» Work to complete: Print exactly the lines that run from the one containing "El seleccionador de" to the final line of the data, both included, and print none of the pictures.

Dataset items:
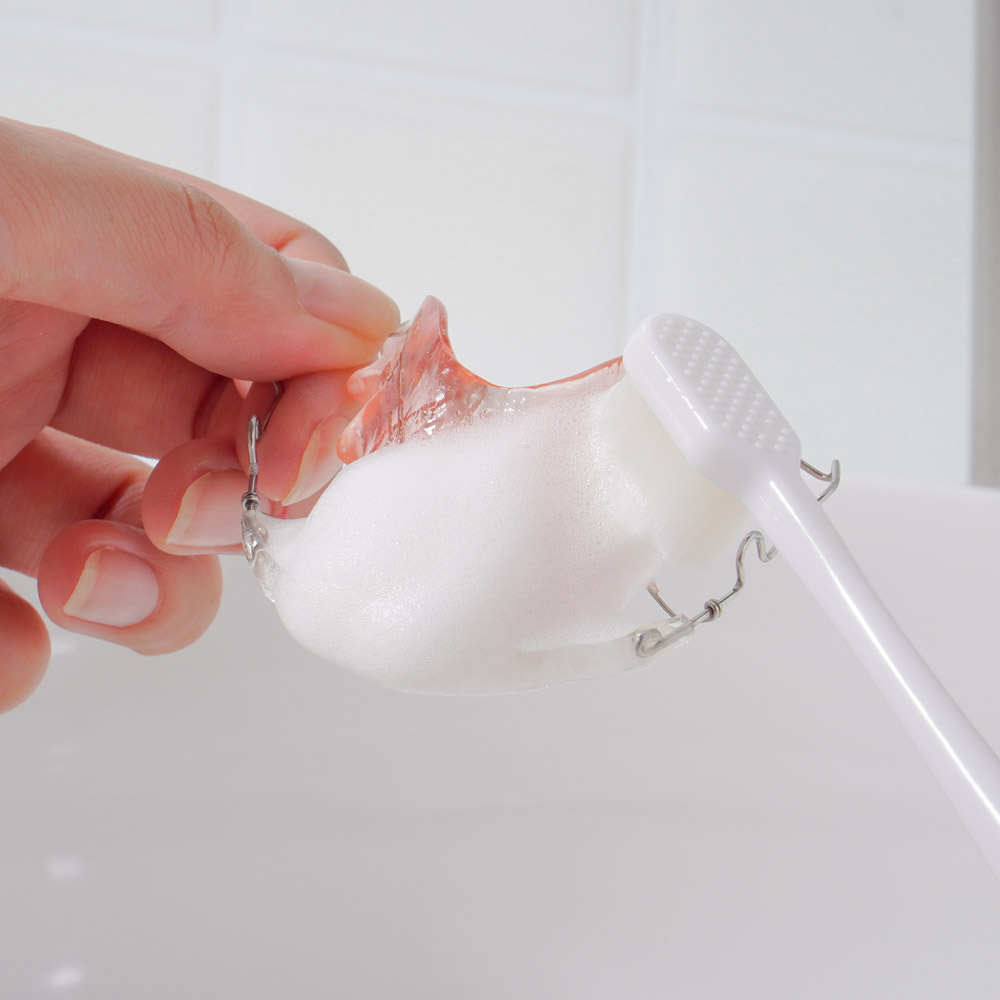 초미세모 세척 칫솔 틀니 교정기 유지장치 전용 세척솔 제품 이미지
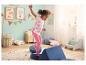 Fillette en leggings roses Lupilu jouant dans une chambre d'enfant.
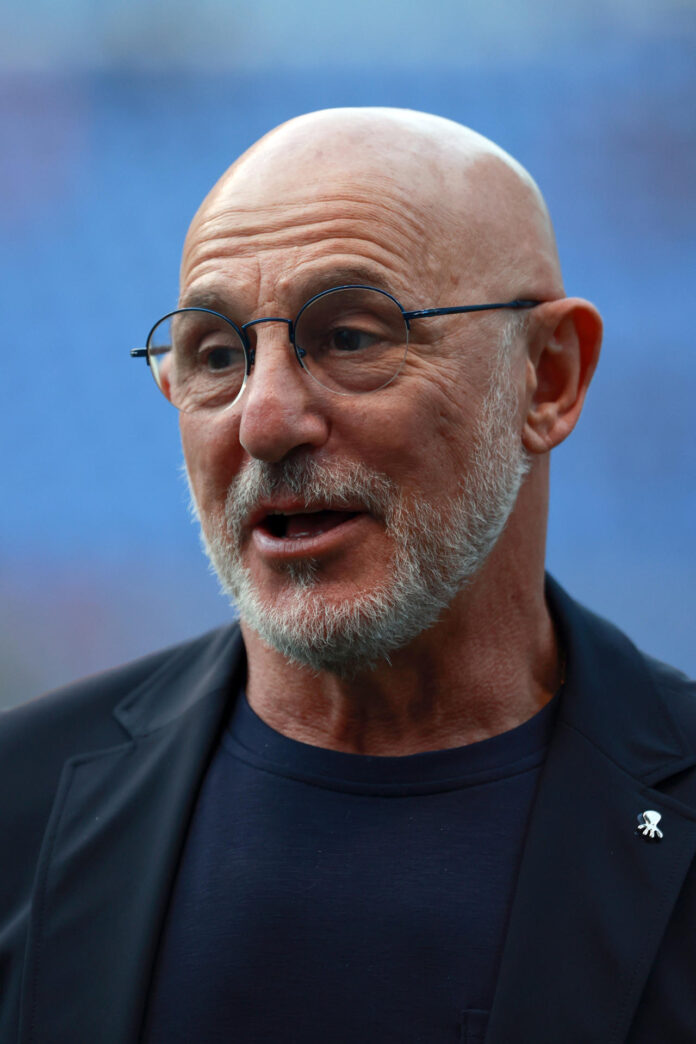 El seleccionador de España, Luis de la Fuente, reacciona previo a un partido amistoso del Mundial de Fútbol 2026 entre España y Perú en el estadio Cuauhtémoc en Puebla (México). EFE/ Alex Cruz
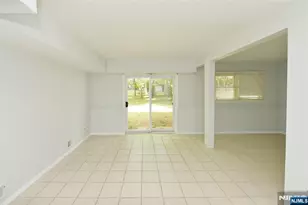 85 Primrose Ln B, Paramus, NJ 07652 - Photo 26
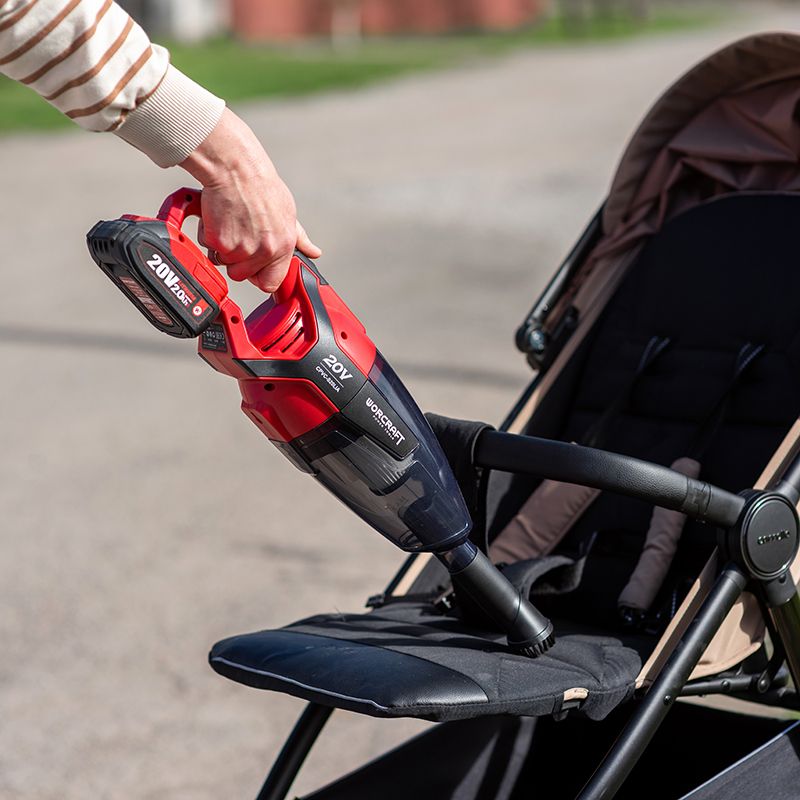 Ручний пилосос WORCRAFT CPVC-S20LiA використовується для очищення дитячого візка.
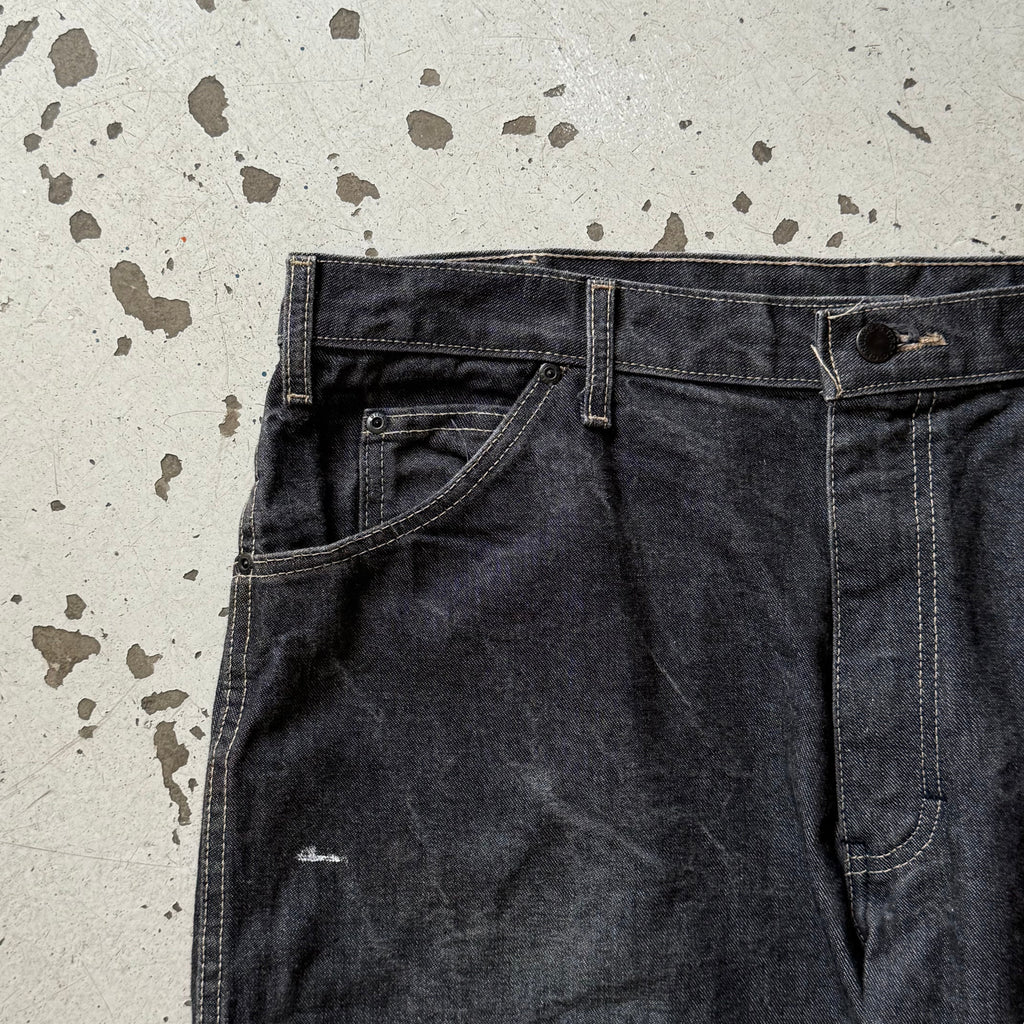 Dickies | denim shorts | sort | W38 - Re:Junk Vintage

» Exercise solution:
 El seleccionador de España, Luis de la Fuente, reacciona previo a un partido amistoso del Mundial de Fútbol 2026 entre España y Perú en el estadio Cuauhtémoc en Puebla (México). EFE/ Alex Cruz
 85 Primrose Ln B, Paramus, NJ 07652 - Photo 26
 Ручний пилосос WORCRAFT CPVC-S20LiA використовується для очищення дитячого візка.
 Dickies | denim shorts | sort | W38 - Re:Junk Vintage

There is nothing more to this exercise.